A tutto questo vanno aggiunti gli annosi problemi che affliggono la maggior parte della popolazione detenuta: celle fatiscenti e insalubrità delle strutture, malfunzionamento dell'assistenza sanitaria, carenza cronica di attività trattamentali (lavoro, studio, sport), difficoltà per i detenuti fino all'impossibilità di mantenere rapporti affettivi con i propri familiari, mancate risposte alle istanze presentate ai magistrati di sorveglianza i quali risultano pochi in pianta organica rispetto ai compiti che ogni singolo magistrato deve svolgere (solo 204 in tutta Italia e ne mancano 14), inoltre risultano essere mal distribuiti, difficile accesso alle pene alternative, mentre per i detenuti stranieri continua a rimanere un miraggio poter incontrare e ricevere l'assistenza di un mediatore culturale.
Il 78 per cento dei ristretti è affetto almeno da una condizione patologica, di cui almeno per il 40 per cento da una patologia psichiatrica. Questo a causa di una riforma, quella delle legge 81 sull'abolizione degli Opg, incompleta e interpretata distrattamente, che ancora deve mettere mano a numerosi punti in sospeso: il rispetto del principio di territorialità, in particolare per le donne, la corretta applicazione delle misure di sicurezza provvisorie, la riforma del principio di pericolosità sociale che permette il nefasto ''doppio binario'', retaggio penale del Codice Rocco, le liste di attesa per le Rems (241 persone, di cui molte in carcere), il potenziamento dei Dipartimenti di salute mentale e delle comunità terapeutiche psichiatriche, la necessaria gradualità, da parte della magistratura, dell'invio in Rems considerate dalla legge come strutture terapeutiche residuali per i casi più gravi.
Resta alta la percentuale dei detenuti in attesa di giudizio (35%), e assieme a questo dato si registra anche la promiscuità tra detenuti in attesa di giudizio e condannati definitivi. Sono circa 20.000 i detenuti che devono scontare meno di 3 anni.
Il Partito Radicale Nonviolento Transnazionale e Transpartito, nella Mozione Generale approvata dal 40º Congresso tenutosi a Roma, nel carcere di Rebibbia, il 1, 2 e 3 settembre 2016, ha stabilito ''la prosecuzione della battaglia storica di Marco Pannella per l'amnistia e l'indulto quale riforma obbligata per l'immediato rientro dello Stato nella legalità''.

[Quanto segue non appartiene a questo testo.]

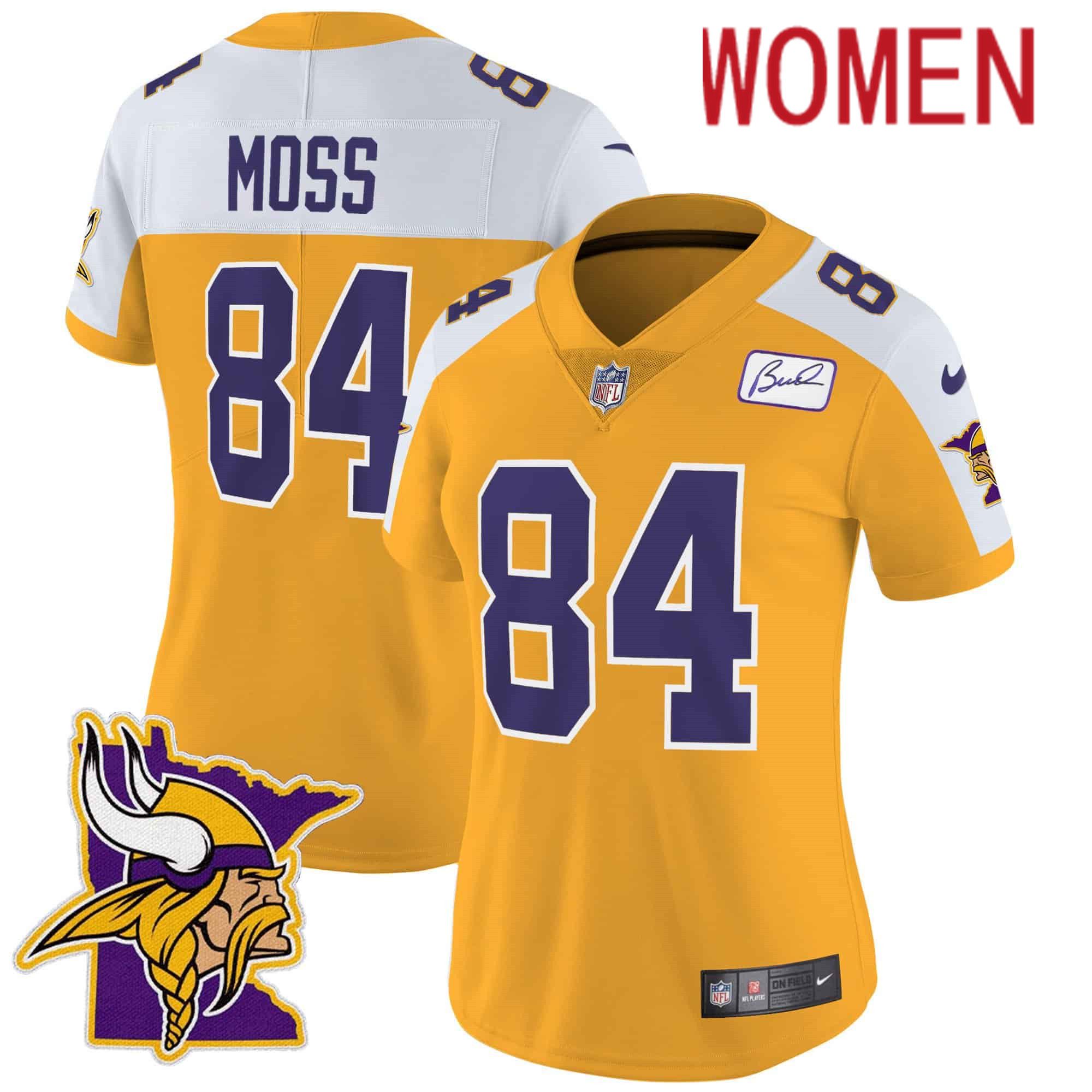 Women Minnesota Vikings #84 Moss Yellow 2024 Nike Patch Classic Limited NFL Jersey->women nfl jersey->Women Jersey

La crisi della giustizia e il protrarsi della non applicazione del dettato costituzionale pongono in grave pericolo l'esistenza dello Stato di diritto, come ci ammonisce da tempo il Consiglio d'Europa attraverso le sentenze della Corte europea dei diritti dell'uomo: non dobbiamo mai dimenticare, quanto invece ricordare e denunciare con forza come l'Italia sia costantemente, da almeno trent'anni, condannata per violazione dell'art. 6 della CEDU, riguardante la ''ragionevole durata del processo'', diritto umano tutelato anche dalla nostra Costituzione all'articolo 111, secondo comma. E ancora una volta - infine - sentiamo il dovere di sottolineare anche il richiamo - troppo trascurato dagli addetti, dai media e dall'opinione pubblica - all'importanza che avrebbe una riforma della giustizia al fine di garantire al Paese la ripresa in ogni settore dell'economia, affaticata e depressa a causa del malfunzionamento del sistema giudiziario nei suoi aspetti penali come in quelli civili.